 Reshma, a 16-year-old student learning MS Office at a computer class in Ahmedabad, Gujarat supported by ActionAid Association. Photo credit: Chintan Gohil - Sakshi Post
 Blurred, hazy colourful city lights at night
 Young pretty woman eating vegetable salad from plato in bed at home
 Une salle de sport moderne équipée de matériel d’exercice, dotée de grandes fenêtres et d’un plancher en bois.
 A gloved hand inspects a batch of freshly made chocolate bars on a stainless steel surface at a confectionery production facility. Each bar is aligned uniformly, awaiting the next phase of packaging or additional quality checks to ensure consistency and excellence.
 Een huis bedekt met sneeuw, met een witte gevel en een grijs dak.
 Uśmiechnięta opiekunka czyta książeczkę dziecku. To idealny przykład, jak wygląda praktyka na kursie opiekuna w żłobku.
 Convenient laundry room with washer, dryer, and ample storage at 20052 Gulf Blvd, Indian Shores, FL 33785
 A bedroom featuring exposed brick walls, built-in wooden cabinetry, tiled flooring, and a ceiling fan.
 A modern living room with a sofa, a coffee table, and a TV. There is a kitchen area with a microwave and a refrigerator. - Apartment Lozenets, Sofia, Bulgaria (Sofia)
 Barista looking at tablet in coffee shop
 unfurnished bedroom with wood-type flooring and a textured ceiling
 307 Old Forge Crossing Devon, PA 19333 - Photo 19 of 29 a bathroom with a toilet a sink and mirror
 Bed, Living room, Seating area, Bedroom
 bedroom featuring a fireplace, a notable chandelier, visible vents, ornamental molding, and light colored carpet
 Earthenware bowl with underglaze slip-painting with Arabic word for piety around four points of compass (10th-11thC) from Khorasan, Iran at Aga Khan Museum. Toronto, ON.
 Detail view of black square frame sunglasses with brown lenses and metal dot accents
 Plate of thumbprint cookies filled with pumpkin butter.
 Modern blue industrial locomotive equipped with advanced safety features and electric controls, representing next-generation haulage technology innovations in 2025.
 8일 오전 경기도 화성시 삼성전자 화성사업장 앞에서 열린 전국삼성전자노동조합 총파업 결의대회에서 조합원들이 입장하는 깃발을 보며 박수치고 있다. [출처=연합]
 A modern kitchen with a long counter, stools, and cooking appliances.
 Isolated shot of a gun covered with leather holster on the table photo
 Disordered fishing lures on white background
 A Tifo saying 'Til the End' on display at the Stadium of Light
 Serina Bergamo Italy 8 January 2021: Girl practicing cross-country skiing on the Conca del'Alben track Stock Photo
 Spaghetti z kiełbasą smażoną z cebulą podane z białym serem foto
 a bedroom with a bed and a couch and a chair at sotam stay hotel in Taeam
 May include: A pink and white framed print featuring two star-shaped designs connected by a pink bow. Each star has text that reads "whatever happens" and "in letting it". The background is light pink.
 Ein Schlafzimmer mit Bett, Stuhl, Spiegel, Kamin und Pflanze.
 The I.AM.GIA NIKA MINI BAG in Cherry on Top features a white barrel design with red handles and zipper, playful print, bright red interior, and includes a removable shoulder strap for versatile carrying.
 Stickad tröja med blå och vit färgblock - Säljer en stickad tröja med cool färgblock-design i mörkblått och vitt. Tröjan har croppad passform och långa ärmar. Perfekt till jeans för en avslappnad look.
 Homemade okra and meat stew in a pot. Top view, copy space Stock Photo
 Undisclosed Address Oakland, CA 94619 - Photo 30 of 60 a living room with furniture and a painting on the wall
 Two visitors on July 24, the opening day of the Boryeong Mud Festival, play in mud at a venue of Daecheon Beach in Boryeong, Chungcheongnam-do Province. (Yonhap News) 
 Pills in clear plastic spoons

..........

- _ABOUT THIS EXERCISE_
The data should be transcribed exactly, line for line.

- _FINAL ANSWER_
 Reshma, a 16-year-old student learning MS Office at a computer class in Ahmedabad, Gujarat supported by ActionAid Association. Photo credit: Chintan Gohil - Sakshi Post
 Blurred, hazy colourful city lights at night
 Young pretty woman eating vegetable salad from plato in bed at home
 Une salle de sport moderne équipée de matériel d’exercice, dotée de grandes fenêtres et d’un plancher en bois.
 A gloved hand inspects a batch of freshly made chocolate bars on a stainless steel surface at a confectionery production facility. Each bar is aligned uniformly, awaiting the next phase of packaging or additional quality checks to ensure consistency and excellence.
 Een huis bedekt met sneeuw, met een witte gevel en een grijs dak.
 Uśmiechnięta opiekunka czyta książeczkę dziecku. To idealny przykład, jak wygląda praktyka na kursie opiekuna w żłobku.
 Convenient laundry room with washer, dryer, and ample storage at 20052 Gulf Blvd, Indian Shores, FL 33785
 A bedroom featuring exposed brick walls, built-in wooden cabinetry, tiled flooring, and a ceiling fan.
 A modern living room with a sofa, a coffee table, and a TV. There is a kitchen area with a microwave and a refrigerator. - Apartment Lozenets, Sofia, Bulgaria (Sofia)
 Barista looking at tablet in coffee shop
 unfurnished bedroom with wood-type flooring and a textured ceiling
 307 Old Forge Crossing Devon, PA 19333 - Photo 19 of 29 a bathroom with a toilet a sink and mirror
 Bed, Living room, Seating area, Bedroom
 bedroom featuring a fireplace, a notable chandelier, visible vents, ornamental molding, and light colored carpet
 Earthenware bowl with underglaze slip-painting with Arabic word for piety around four points of compass (10th-11thC) from Khorasan, Iran at Aga Khan Museum. Toronto, ON.
 Detail view of black square frame sunglasses with brown lenses and metal dot accents
 Plate of thumbprint cookies filled with pumpkin butter.
 Modern blue industrial locomotive equipped with advanced safety features and electric controls, representing next-generation haulage technology innovations in 2025.
 8일 오전 경기도 화성시 삼성전자 화성사업장 앞에서 열린 전국삼성전자노동조합 총파업 결의대회에서 조합원들이 입장하는 깃발을 보며 박수치고 있다. [출처=연합]
 A modern kitchen with a long counter, stools, and cooking appliances.
 Isolated shot of a gun covered with leather holster on the table photo
 Disordered fishing lures on white background
 A Tifo saying 'Til the End' on display at the Stadium of Light
 Serina Bergamo Italy 8 January 2021: Girl practicing cross-country skiing on the Conca del'Alben track Stock Photo
 Spaghetti z kiełbasą smażoną z cebulą podane z białym serem foto
 a bedroom with a bed and a couch and a chair at sotam stay hotel in Taeam
 May include: A pink and white framed print featuring two star-shaped designs connected by a pink bow. Each star has text that reads "whatever happens" and "in letting it". The background is light pink.
 Ein Schlafzimmer mit Bett, Stuhl, Spiegel, Kamin und Pflanze.
 The I.AM.GIA NIKA MINI BAG in Cherry on Top features a white barrel design with red handles and zipper, playful print, bright red interior, and includes a removable shoulder strap for versatile carrying.
 Stickad tröja med blå och vit färgblock - Säljer en stickad tröja med cool färgblock-design i mörkblått och vitt. Tröjan har croppad passform och långa ärmar. Perfekt till jeans för en avslappnad look.
 Homemade okra and meat stew in a pot. Top view, copy space Stock Photo
 Undisclosed Address Oakland, CA 94619 - Photo 30 of 60 a living room with furniture and a painting on the wall
 Two visitors on July 24, the opening day of the Boryeong Mud Festival, play in mud at a venue of Daecheon Beach in Boryeong, Chungcheongnam-do Province. (Yonhap News) 
 Pills in clear plastic spoons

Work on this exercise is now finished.